Required work. In your answer, transcribe all of the data exactly.

Materials provided.
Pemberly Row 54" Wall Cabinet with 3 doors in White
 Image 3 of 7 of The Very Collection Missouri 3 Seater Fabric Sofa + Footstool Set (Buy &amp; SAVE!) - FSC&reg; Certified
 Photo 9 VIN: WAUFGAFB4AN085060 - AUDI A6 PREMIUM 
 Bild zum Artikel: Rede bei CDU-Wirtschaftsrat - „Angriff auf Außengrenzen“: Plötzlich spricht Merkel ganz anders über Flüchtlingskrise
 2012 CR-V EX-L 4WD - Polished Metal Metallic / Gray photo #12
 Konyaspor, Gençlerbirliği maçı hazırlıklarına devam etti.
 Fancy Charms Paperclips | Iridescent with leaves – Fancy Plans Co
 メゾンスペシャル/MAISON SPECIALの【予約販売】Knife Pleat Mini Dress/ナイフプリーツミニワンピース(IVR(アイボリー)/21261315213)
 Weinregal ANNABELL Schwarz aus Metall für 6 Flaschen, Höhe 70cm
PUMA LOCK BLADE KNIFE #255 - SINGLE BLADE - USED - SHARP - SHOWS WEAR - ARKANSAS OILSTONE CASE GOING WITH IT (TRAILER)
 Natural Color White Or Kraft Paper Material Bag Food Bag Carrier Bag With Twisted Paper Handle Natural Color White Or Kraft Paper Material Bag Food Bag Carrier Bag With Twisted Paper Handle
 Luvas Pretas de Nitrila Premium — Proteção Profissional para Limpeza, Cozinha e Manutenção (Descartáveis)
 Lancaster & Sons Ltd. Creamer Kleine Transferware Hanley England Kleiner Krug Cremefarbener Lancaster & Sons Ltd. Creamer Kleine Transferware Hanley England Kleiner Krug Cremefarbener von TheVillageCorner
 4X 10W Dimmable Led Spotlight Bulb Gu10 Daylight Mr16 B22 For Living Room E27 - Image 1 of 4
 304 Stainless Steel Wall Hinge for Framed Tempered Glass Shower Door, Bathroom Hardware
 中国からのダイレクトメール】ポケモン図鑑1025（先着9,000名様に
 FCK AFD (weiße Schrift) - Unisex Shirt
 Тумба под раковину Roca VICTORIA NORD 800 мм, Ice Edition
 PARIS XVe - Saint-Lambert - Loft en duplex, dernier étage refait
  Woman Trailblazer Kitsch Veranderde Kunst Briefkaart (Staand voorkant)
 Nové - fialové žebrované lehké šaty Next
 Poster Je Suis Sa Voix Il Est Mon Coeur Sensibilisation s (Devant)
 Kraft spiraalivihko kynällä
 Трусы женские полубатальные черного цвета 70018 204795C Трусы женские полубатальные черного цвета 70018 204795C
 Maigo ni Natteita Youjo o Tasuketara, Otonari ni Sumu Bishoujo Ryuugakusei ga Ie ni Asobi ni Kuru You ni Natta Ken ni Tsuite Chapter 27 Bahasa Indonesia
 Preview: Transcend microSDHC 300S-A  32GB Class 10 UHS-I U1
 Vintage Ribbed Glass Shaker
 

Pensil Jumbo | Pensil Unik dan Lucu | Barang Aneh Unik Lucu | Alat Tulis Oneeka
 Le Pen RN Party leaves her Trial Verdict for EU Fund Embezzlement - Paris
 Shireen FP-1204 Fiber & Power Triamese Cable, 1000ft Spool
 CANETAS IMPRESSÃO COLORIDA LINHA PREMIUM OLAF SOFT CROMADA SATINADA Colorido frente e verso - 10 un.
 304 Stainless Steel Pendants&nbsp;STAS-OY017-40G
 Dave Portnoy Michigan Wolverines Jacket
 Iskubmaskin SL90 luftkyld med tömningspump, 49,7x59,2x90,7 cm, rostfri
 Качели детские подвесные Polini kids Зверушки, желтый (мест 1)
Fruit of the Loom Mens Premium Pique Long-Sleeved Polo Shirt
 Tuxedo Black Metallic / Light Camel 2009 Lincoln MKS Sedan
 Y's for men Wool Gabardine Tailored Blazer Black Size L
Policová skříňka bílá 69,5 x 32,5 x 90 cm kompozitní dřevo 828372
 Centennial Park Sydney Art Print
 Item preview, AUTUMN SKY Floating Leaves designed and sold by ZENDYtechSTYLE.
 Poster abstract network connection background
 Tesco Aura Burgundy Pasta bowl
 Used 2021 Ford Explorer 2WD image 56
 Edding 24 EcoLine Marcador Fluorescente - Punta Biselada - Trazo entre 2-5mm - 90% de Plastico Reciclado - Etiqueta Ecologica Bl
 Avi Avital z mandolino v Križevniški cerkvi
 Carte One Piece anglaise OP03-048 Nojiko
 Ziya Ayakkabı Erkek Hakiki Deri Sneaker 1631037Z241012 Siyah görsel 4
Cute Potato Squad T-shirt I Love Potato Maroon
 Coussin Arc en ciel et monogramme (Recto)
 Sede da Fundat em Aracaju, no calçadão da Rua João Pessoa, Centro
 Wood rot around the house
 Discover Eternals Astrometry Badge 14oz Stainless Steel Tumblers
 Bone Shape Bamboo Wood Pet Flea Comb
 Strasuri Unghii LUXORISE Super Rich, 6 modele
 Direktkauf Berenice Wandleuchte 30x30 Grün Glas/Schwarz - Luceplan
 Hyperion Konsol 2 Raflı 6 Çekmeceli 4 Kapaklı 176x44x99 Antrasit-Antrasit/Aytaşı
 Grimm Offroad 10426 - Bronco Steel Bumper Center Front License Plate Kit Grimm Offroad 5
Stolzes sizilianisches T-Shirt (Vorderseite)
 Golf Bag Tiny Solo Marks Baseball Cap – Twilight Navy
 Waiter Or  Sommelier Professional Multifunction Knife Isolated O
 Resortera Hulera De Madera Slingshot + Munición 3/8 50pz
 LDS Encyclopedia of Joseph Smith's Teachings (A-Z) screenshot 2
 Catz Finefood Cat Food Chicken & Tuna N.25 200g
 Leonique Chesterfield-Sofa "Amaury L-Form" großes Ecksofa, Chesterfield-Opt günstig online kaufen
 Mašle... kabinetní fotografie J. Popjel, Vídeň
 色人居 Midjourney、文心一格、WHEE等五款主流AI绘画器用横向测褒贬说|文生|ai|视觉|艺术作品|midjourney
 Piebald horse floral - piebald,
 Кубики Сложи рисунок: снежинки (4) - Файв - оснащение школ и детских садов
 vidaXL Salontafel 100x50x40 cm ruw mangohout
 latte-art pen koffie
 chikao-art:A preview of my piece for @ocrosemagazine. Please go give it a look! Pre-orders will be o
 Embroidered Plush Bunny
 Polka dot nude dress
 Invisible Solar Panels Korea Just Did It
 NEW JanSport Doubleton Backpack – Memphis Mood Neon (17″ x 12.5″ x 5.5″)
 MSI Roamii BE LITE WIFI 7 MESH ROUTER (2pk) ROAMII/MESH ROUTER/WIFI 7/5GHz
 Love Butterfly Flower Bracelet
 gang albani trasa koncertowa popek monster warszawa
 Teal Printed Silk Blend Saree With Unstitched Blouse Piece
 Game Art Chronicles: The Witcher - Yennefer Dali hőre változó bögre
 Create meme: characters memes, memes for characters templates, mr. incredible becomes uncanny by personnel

Response area.
Pemberly Row 54" Wall Cabinet with 3 doors in White
 Image 3 of 7 of The Very Collection Missouri 3 Seater Fabric Sofa + Footstool Set (Buy &amp; SAVE!) - FSC&reg; Certified
 Photo 9 VIN: WAUFGAFB4AN085060 - AUDI A6 PREMIUM 
 Bild zum Artikel: Rede bei CDU-Wirtschaftsrat - „Angriff auf Außengrenzen“: Plötzlich spricht Merkel ganz anders über Flüchtlingskrise
 2012 CR-V EX-L 4WD - Polished Metal Metallic / Gray photo #12
 Konyaspor, Gençlerbirliği maçı hazırlıklarına devam etti.
 Fancy Charms Paperclips | Iridescent with leaves – Fancy Plans Co
 メゾンスペシャル/MAISON SPECIALの【予約販売】Knife Pleat Mini Dress/ナイフプリーツミニワンピース(IVR(アイボリー)/21261315213)
 Weinregal ANNABELL Schwarz aus Metall für 6 Flaschen, Höhe 70cm
PUMA LOCK BLADE KNIFE #255 - SINGLE BLADE - USED - SHARP - SHOWS WEAR - ARKANSAS OILSTONE CASE GOING WITH IT (TRAILER)
 Natural Color White Or Kraft Paper Material Bag Food Bag Carrier Bag With Twisted Paper Handle Natural Color White Or Kraft Paper Material Bag Food Bag Carrier Bag With Twisted Paper Handle
 Luvas Pretas de Nitrila Premium — Proteção Profissional para Limpeza, Cozinha e Manutenção (Descartáveis)
 Lancaster & Sons Ltd. Creamer Kleine Transferware Hanley England Kleiner Krug Cremefarbener Lancaster & Sons Ltd. Creamer Kleine Transferware Hanley England Kleiner Krug Cremefarbener von TheVillageCorner
 4X 10W Dimmable Led Spotlight Bulb Gu10 Daylight Mr16 B22 For Living Room E27 - Image 1 of 4
 304 Stainless Steel Wall Hinge for Framed Tempered Glass Shower Door, Bathroom Hardware
 中国からのダイレクトメール】ポケモン図鑑1025（先着9,000名様に
 FCK AFD (weiße Schrift) - Unisex Shirt
 Тумба под раковину Roca VICTORIA NORD 800 мм, Ice Edition
 PARIS XVe - Saint-Lambert - Loft en duplex, dernier étage refait
  Woman Trailblazer Kitsch Veranderde Kunst Briefkaart (Staand voorkant)
 Nové - fialové žebrované lehké šaty Next
 Poster Je Suis Sa Voix Il Est Mon Coeur Sensibilisation s (Devant)
 Kraft spiraalivihko kynällä
 Трусы женские полубатальные черного цвета 70018 204795C Трусы женские полубатальные черного цвета 70018 204795C
 Maigo ni Natteita Youjo o Tasuketara, Otonari ni Sumu Bishoujo Ryuugakusei ga Ie ni Asobi ni Kuru You ni Natta Ken ni Tsuite Chapter 27 Bahasa Indonesia
 Preview: Transcend microSDHC 300S-A  32GB Class 10 UHS-I U1
 Vintage Ribbed Glass Shaker
 

Pensil Jumbo | Pensil Unik dan Lucu | Barang Aneh Unik Lucu | Alat Tulis Oneeka
 Le Pen RN Party leaves her Trial Verdict for EU Fund Embezzlement - Paris
 Shireen FP-1204 Fiber & Power Triamese Cable, 1000ft Spool
 CANETAS IMPRESSÃO COLORIDA LINHA PREMIUM OLAF SOFT CROMADA SATINADA Colorido frente e verso - 10 un.
 304 Stainless Steel Pendants&nbsp;STAS-OY017-40G
 Dave Portnoy Michigan Wolverines Jacket
 Iskubmaskin SL90 luftkyld med tömningspump, 49,7x59,2x90,7 cm, rostfri
 Качели детские подвесные Polini kids Зверушки, желтый (мест 1)
Fruit of the Loom Mens Premium Pique Long-Sleeved Polo Shirt
 Tuxedo Black Metallic / Light Camel 2009 Lincoln MKS Sedan
 Y's for men Wool Gabardine Tailored Blazer Black Size L
Policová skříňka bílá 69,5 x 32,5 x 90 cm kompozitní dřevo 828372
 Centennial Park Sydney Art Print
 Item preview, AUTUMN SKY Floating Leaves designed and sold by ZENDYtechSTYLE.
 Poster abstract network connection background
 Tesco Aura Burgundy Pasta bowl
 Used 2021 Ford Explorer 2WD image 56
 Edding 24 EcoLine Marcador Fluorescente - Punta Biselada - Trazo entre 2-5mm - 90% de Plastico Reciclado - Etiqueta Ecologica Bl
 Avi Avital z mandolino v Križevniški cerkvi
 Carte One Piece anglaise OP03-048 Nojiko
 Ziya Ayakkabı Erkek Hakiki Deri Sneaker 1631037Z241012 Siyah görsel 4
Cute Potato Squad T-shirt I Love Potato Maroon
 Coussin Arc en ciel et monogramme (Recto)
 Sede da Fundat em Aracaju, no calçadão da Rua João Pessoa, Centro
 Wood rot around the house
 Discover Eternals Astrometry Badge 14oz Stainless Steel Tumblers
 Bone Shape Bamboo Wood Pet Flea Comb
 Strasuri Unghii LUXORISE Super Rich, 6 modele
 Direktkauf Berenice Wandleuchte 30x30 Grün Glas/Schwarz - Luceplan
 Hyperion Konsol 2 Raflı 6 Çekmeceli 4 Kapaklı 176x44x99 Antrasit-Antrasit/Aytaşı
 Grimm Offroad 10426 - Bronco Steel Bumper Center Front License Plate Kit Grimm Offroad 5
Stolzes sizilianisches T-Shirt (Vorderseite)
 Golf Bag Tiny Solo Marks Baseball Cap – Twilight Navy
 Waiter Or  Sommelier Professional Multifunction Knife Isolated O
 Resortera Hulera De Madera Slingshot + Munición 3/8 50pz
 LDS Encyclopedia of Joseph Smith's Teachings (A-Z) screenshot 2
 Catz Finefood Cat Food Chicken & Tuna N.25 200g
 Leonique Chesterfield-Sofa "Amaury L-Form" großes Ecksofa, Chesterfield-Opt günstig online kaufen
 Mašle... kabinetní fotografie J. Popjel, Vídeň
 色人居 Midjourney、文心一格、WHEE等五款主流AI绘画器用横向测褒贬说|文生|ai|视觉|艺术作品|midjourney
 Piebald horse floral - piebald,
 Кубики Сложи рисунок: снежинки (4) - Файв - оснащение школ и детских садов
 vidaXL Salontafel 100x50x40 cm ruw mangohout
 latte-art pen koffie
 chikao-art:A preview of my piece for @ocrosemagazine. Please go give it a look! Pre-orders will be o
 Embroidered Plush Bunny
 Polka dot nude dress
 Invisible Solar Panels Korea Just Did It
 NEW JanSport Doubleton Backpack – Memphis Mood Neon (17″ x 12.5″ x 5.5″)
 MSI Roamii BE LITE WIFI 7 MESH ROUTER (2pk) ROAMII/MESH ROUTER/WIFI 7/5GHz
 Love Butterfly Flower Bracelet
 gang albani trasa koncertowa popek monster warszawa
 Teal Printed Silk Blend Saree With Unstitched Blouse Piece
 Game Art Chronicles: The Witcher - Yennefer Dali hőre változó bögre
 Create meme: characters memes, memes for characters templates, mr. incredible becomes uncanny by personnel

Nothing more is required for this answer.